**WHAT YOU NEED TO DO**:
Could you restate the entries below word for word and leave out the pictures?

(RECORD SET Opens)

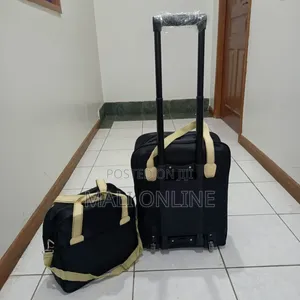 2-Piece Rolling Travel Bag Set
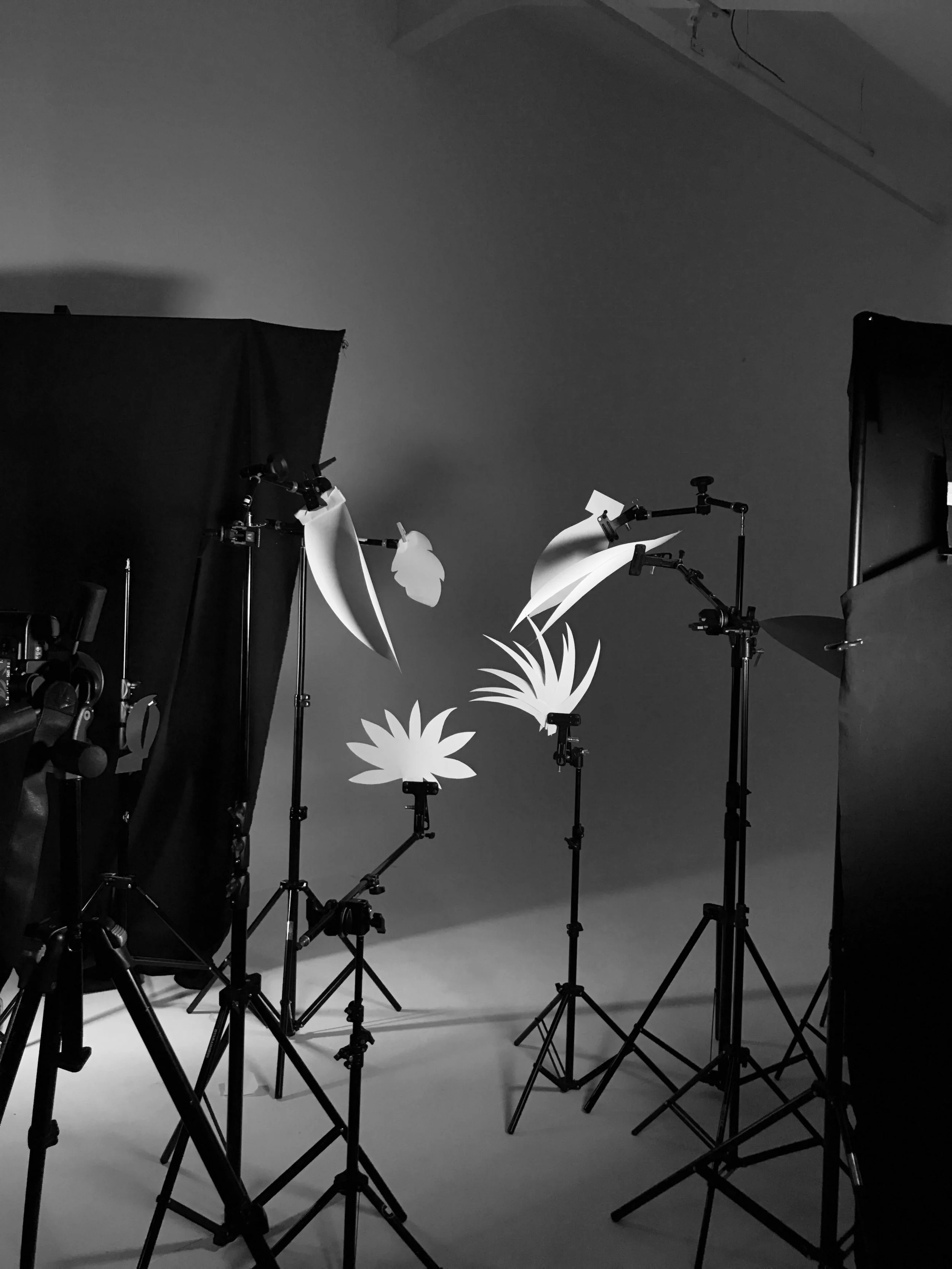 studio_photo_lyon_location_cyclorama_courraud_22.jpeg
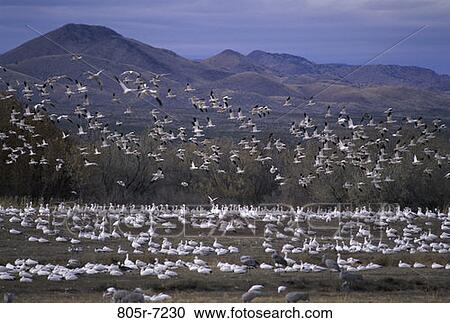 Snow Geese View Large Photo Image Stock Image - Snow Geese. Fotosearch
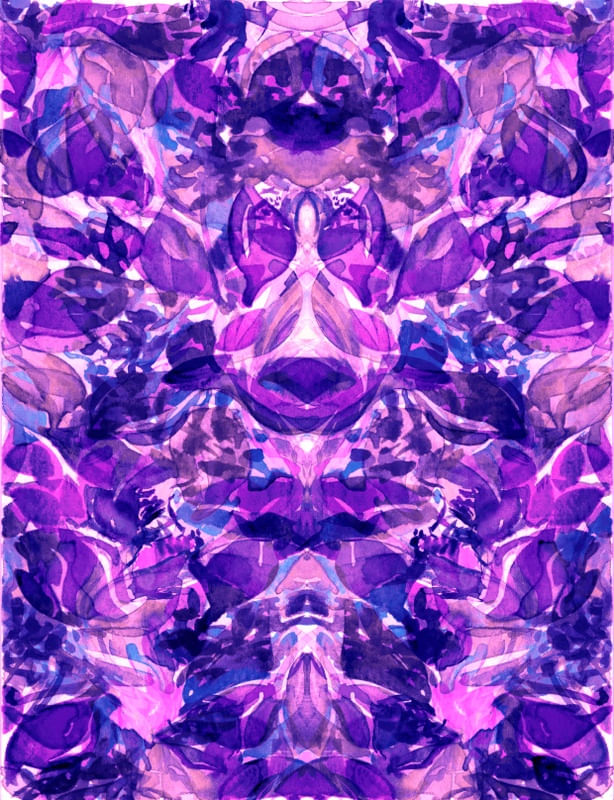 ENCHANTED FOREST 8
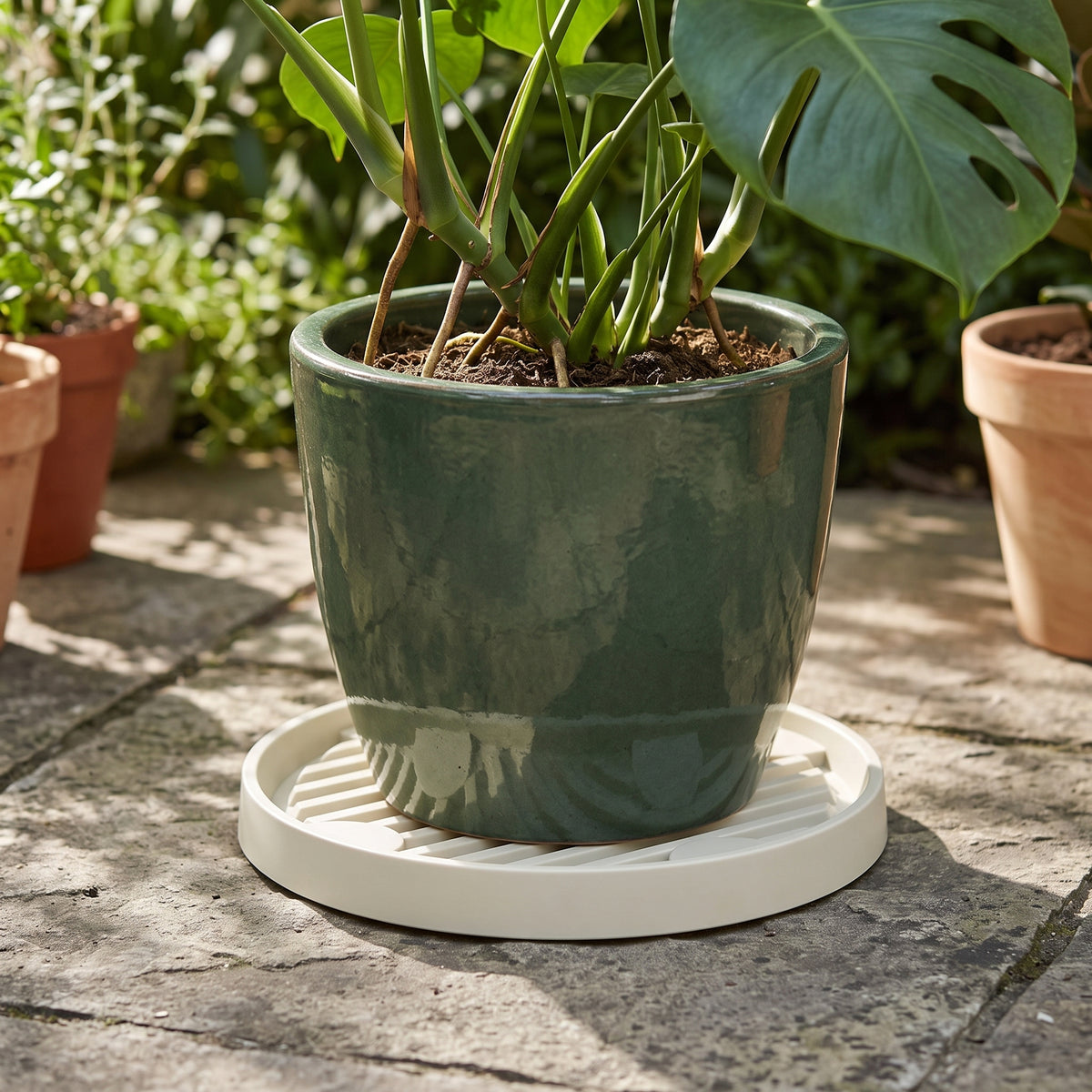 ☘️ Plant Pot Tray | Elevated Drainage Design | Indoor Plants & Succulents | Tabletop Water Catcher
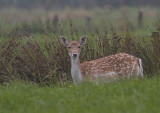 Damhert - Fallow Deer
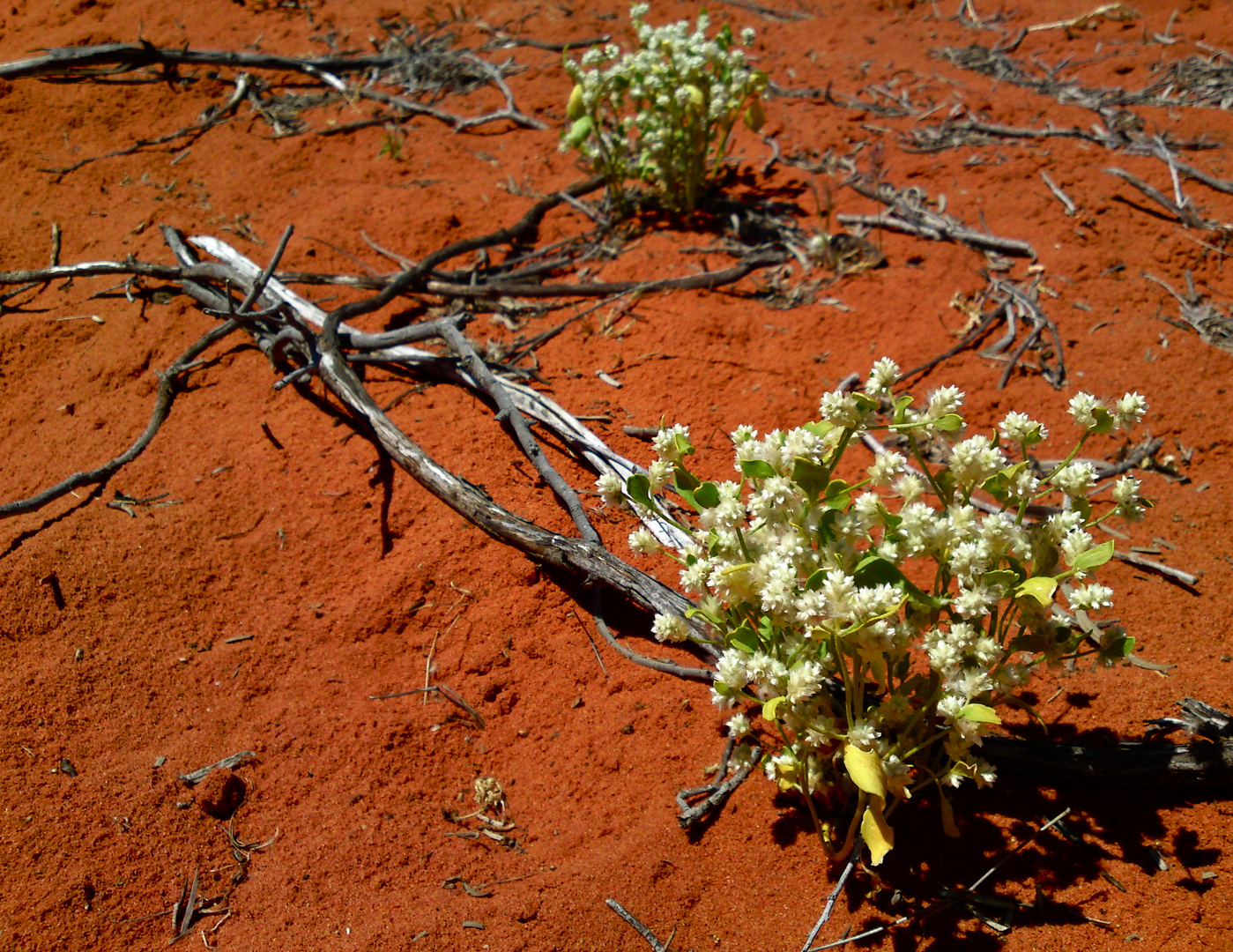 Frühling im Outback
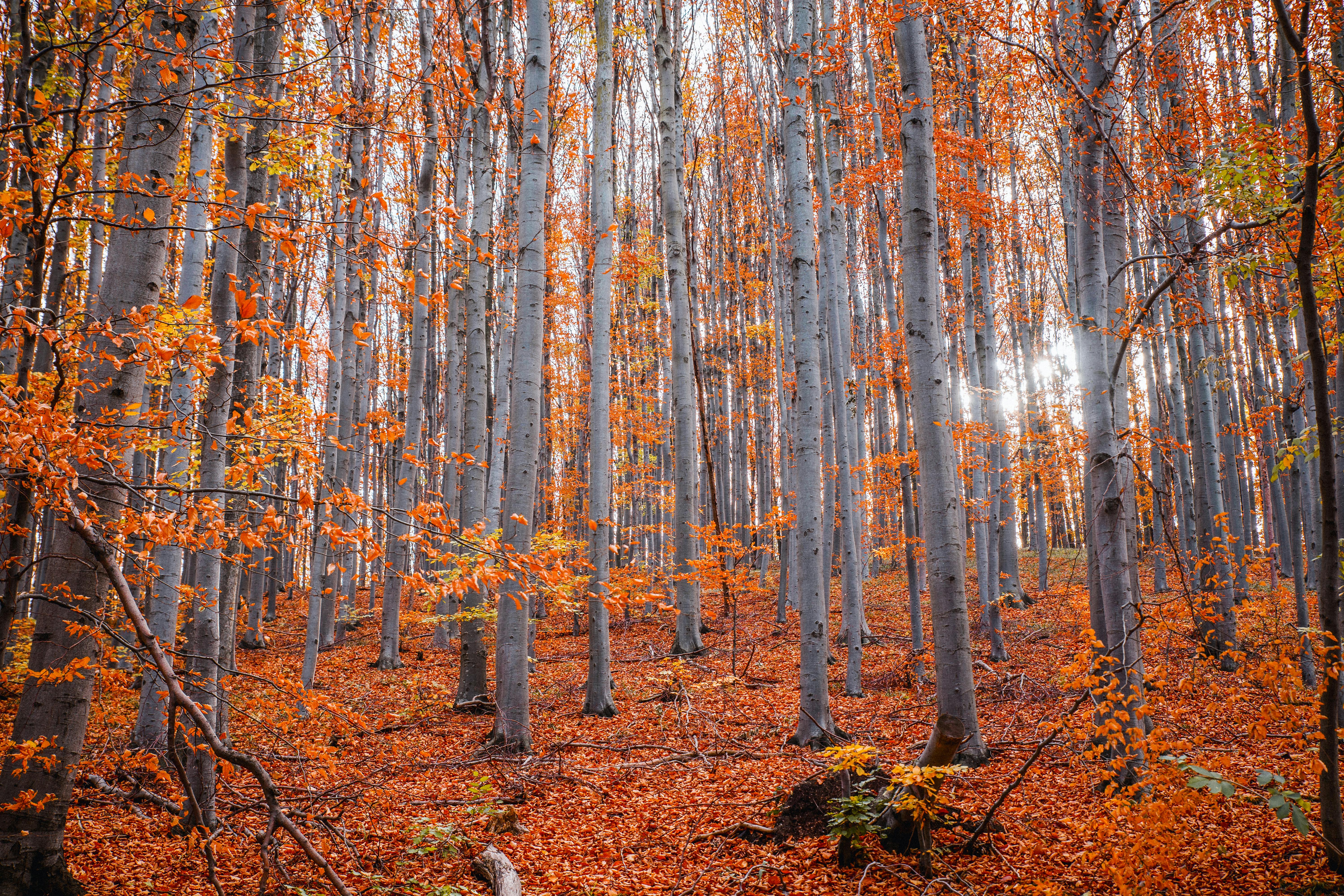 Bosque de hayas con troncos grises y hojas otoñales naranjas cubriendo el suelo y ramas.
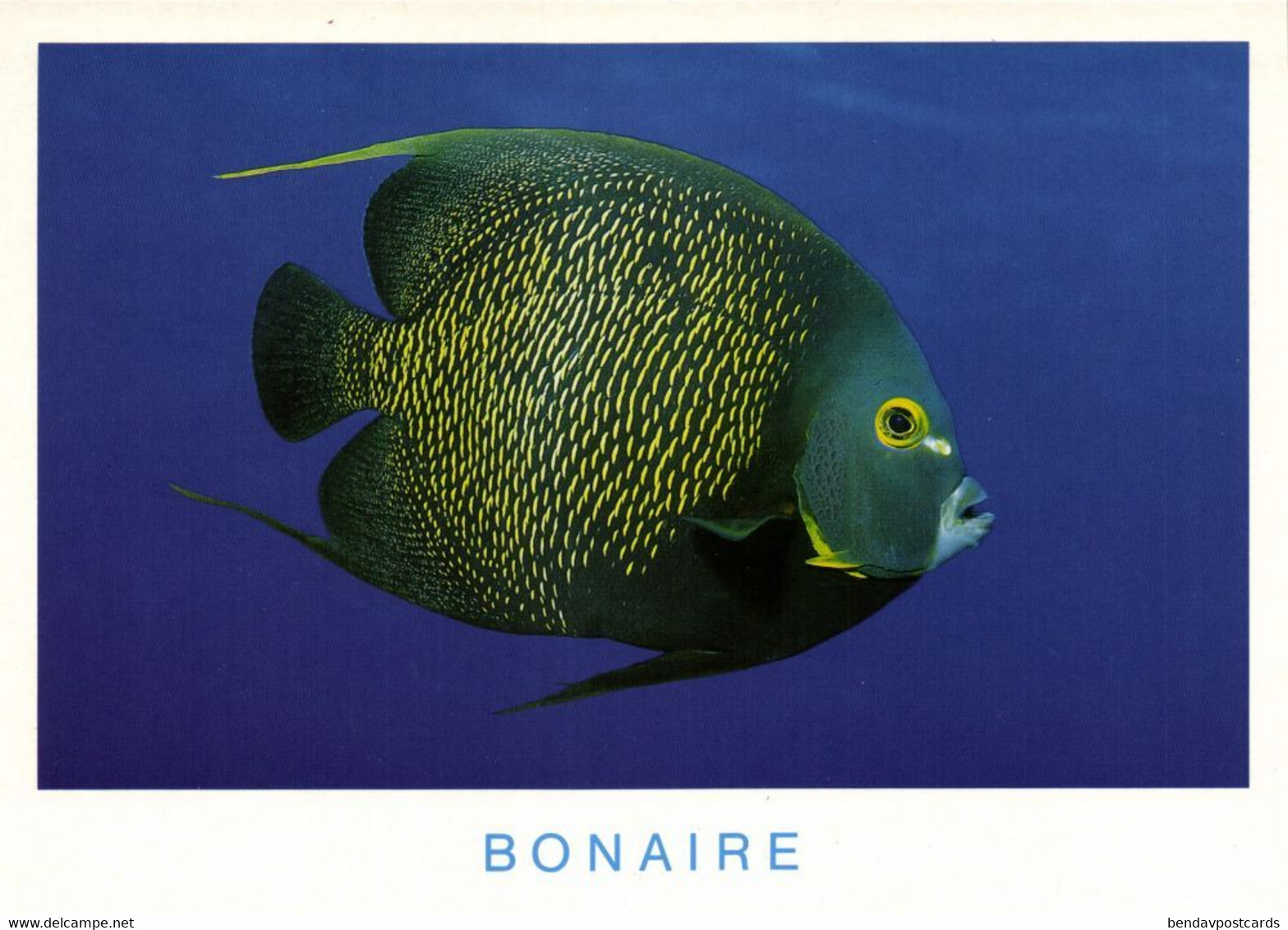 Bonaire, N.A., French Angelfish At Alice In Wonderland (1990s) Postcard - Bonaire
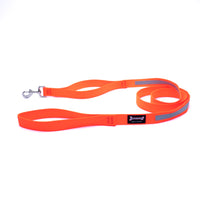Thumbnail for Smoochy Poochy Nylon Reflective Leash 6ft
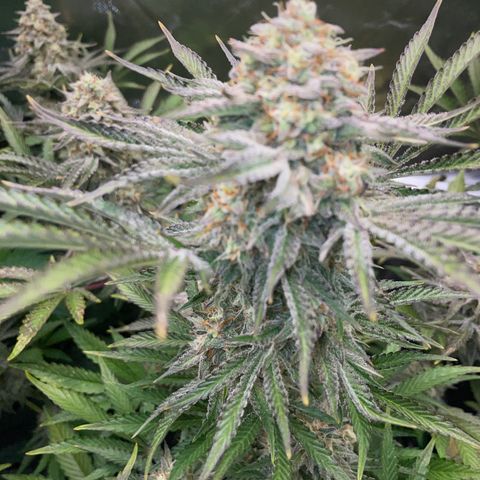 Wedding Cake Auto by KilliczGe growlog timeline photo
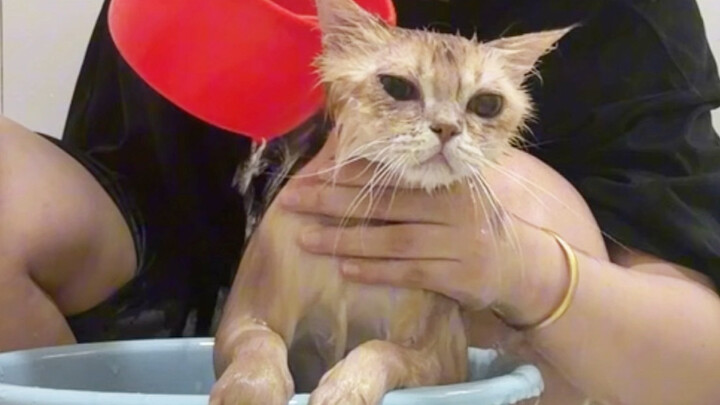 Video mandi kucing kecil telah tayang – episode Bangbang
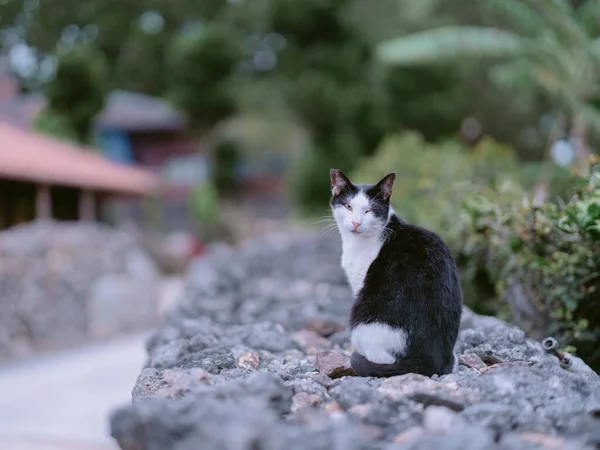 Stray Cat Taketomi Island — Stock Photo, Image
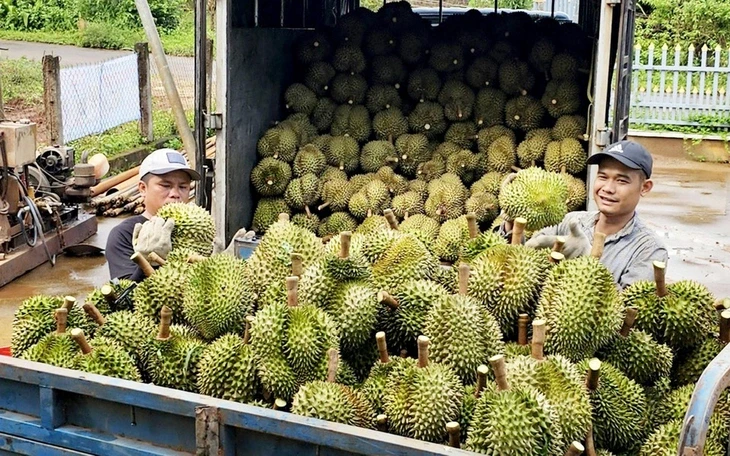 Khởi tố vụ án 3 xe bán tải rượt đuổi, hành hung người do 'hiểu lầm' khi mua bán sầu riêng Khởi tố vụ án 3 xe bán tải rượt đuổi, hành hung người do 'hiểu lầm' khi mua bán sầu riêng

(RECORD SET Closes)

**EXPECTED ANSWER**:
 2-Piece Rolling Travel Bag Set
 studio_photo_lyon_location_cyclorama_courraud_22.jpeg
 Snow Geese View Large Photo Image Stock Image - Snow Geese. Fotosearch
 ENCHANTED FOREST 8
 ☘️ Plant Pot Tray | Elevated Drainage Design | Indoor Plants & Succulents | Tabletop Water Catcher
 Damhert - Fallow Deer
 Frühling im Outback
 Bosque de hayas con troncos grises y hojas otoñales naranjas cubriendo el suelo y ramas.
 Bonaire, N.A., French Angelfish At Alice In Wonderland (1990s) Postcard - Bonaire
Thumbnail for Smoochy Poochy Nylon Reflective Leash 6ft
 Wedding Cake Auto by KilliczGe growlog timeline photo
 Video mandi kucing kecil telah tayang – episode Bangbang
 Stray Cat Taketomi Island — Stock Photo, Image
 Khởi tố vụ án 3 xe bán tải rượt đuổi, hành hung người do 'hiểu lầm' khi mua bán sầu riêng Khởi tố vụ án 3 xe bán tải rượt đuổi, hành hung người do 'hiểu lầm' khi mua bán sầu riêng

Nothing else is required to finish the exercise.